Commit 1f2bcb8c8ccd ("gpio: protect the descriptor label with SRCU")
caused a massive drop in performance of requesting GPIO lines due to the
call to synchronize_srcu() on each label change. Rework the code to not
wait until all read-only users are done with reading the label but
instead atomically replace the label pointer and schedule its release
after all read-only critical sections are done.

To that end wrap the descriptor label in a struct that also contains the
rcu_head struct required for deferring tasks using call_srcu() and stop
using kstrdup_const() as we're required to allocate memory anyway.
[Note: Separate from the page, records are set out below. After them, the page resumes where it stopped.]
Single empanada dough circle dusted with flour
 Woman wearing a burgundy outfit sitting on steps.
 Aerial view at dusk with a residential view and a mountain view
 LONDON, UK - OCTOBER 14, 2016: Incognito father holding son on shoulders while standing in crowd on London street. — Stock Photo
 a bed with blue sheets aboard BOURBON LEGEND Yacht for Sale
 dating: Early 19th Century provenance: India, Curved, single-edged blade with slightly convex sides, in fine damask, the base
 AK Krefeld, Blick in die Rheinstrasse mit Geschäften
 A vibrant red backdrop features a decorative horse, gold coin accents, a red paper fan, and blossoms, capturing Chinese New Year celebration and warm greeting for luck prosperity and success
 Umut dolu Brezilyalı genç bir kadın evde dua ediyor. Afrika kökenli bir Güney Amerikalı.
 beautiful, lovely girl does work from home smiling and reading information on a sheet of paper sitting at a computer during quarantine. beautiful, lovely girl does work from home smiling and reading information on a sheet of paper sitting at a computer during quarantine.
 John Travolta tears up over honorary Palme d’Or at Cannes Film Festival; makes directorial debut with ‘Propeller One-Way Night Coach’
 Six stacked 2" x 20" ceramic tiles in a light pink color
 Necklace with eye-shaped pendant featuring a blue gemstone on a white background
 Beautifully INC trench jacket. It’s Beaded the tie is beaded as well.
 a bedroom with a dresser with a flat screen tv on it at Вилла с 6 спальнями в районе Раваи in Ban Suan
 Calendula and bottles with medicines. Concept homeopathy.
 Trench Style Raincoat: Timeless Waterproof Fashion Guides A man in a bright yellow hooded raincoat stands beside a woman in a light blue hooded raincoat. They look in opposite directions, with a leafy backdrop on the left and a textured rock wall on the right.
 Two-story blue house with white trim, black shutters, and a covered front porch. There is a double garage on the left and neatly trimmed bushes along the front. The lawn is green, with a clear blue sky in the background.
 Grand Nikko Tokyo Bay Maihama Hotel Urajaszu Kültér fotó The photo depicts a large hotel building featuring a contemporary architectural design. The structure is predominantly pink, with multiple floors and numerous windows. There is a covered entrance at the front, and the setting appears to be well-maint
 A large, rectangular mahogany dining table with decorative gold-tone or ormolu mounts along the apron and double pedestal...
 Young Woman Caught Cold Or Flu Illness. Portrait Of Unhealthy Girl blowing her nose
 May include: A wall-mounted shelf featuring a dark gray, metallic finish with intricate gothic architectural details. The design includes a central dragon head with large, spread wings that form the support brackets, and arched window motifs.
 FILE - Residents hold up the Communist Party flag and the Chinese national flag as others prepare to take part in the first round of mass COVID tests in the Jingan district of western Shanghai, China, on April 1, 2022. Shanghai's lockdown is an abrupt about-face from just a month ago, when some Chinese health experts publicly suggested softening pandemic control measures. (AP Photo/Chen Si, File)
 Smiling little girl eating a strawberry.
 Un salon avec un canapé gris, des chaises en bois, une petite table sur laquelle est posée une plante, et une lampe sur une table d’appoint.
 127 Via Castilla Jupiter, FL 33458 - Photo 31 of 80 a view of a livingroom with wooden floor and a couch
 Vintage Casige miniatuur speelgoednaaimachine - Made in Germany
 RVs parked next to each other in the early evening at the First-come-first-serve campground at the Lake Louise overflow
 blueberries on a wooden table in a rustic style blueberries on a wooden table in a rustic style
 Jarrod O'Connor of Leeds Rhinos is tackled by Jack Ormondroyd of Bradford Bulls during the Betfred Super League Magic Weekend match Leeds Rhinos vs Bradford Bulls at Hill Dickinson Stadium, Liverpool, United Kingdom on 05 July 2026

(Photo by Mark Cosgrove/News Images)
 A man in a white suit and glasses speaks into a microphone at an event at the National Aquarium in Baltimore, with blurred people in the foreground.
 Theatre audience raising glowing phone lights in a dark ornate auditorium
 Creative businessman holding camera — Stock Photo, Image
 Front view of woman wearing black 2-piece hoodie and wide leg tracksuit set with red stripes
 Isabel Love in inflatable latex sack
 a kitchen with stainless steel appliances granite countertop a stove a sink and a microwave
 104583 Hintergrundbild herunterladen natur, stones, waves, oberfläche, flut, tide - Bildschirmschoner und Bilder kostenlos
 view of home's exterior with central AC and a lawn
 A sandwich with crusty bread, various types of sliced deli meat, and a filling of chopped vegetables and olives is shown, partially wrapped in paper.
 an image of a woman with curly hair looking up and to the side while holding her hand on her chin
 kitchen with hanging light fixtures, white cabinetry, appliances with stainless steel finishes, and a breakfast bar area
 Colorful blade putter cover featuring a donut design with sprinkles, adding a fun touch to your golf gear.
Just
allocate enough for the label string and rcu_head in one go.

Reported-by: Neil Armstrong <[email protected]>
Closes: https://lore.kernel.org/linux-gpio/CAMRc=Mfig2oooDQYTqo23W3PXSdzhVO4p=G4+P8y1ppBOrkrJQ@mail.gmail.com/
Fixes: 1f2bcb8c8ccd ("gpio: protect the descriptor label with SRCU")
Suggested-by: Paul E. McKenney <[email protected]>
Signed-off-by: Bartosz Golaszewski <[email protected]>
---
drivers/gpio/gpiolib.c | 31 ++++++++++++++++++++++++-------
drivers/gpio/gpiolib.h | 7 ++++++-
2 files changed, 30 insertions(+), 8 deletions(-)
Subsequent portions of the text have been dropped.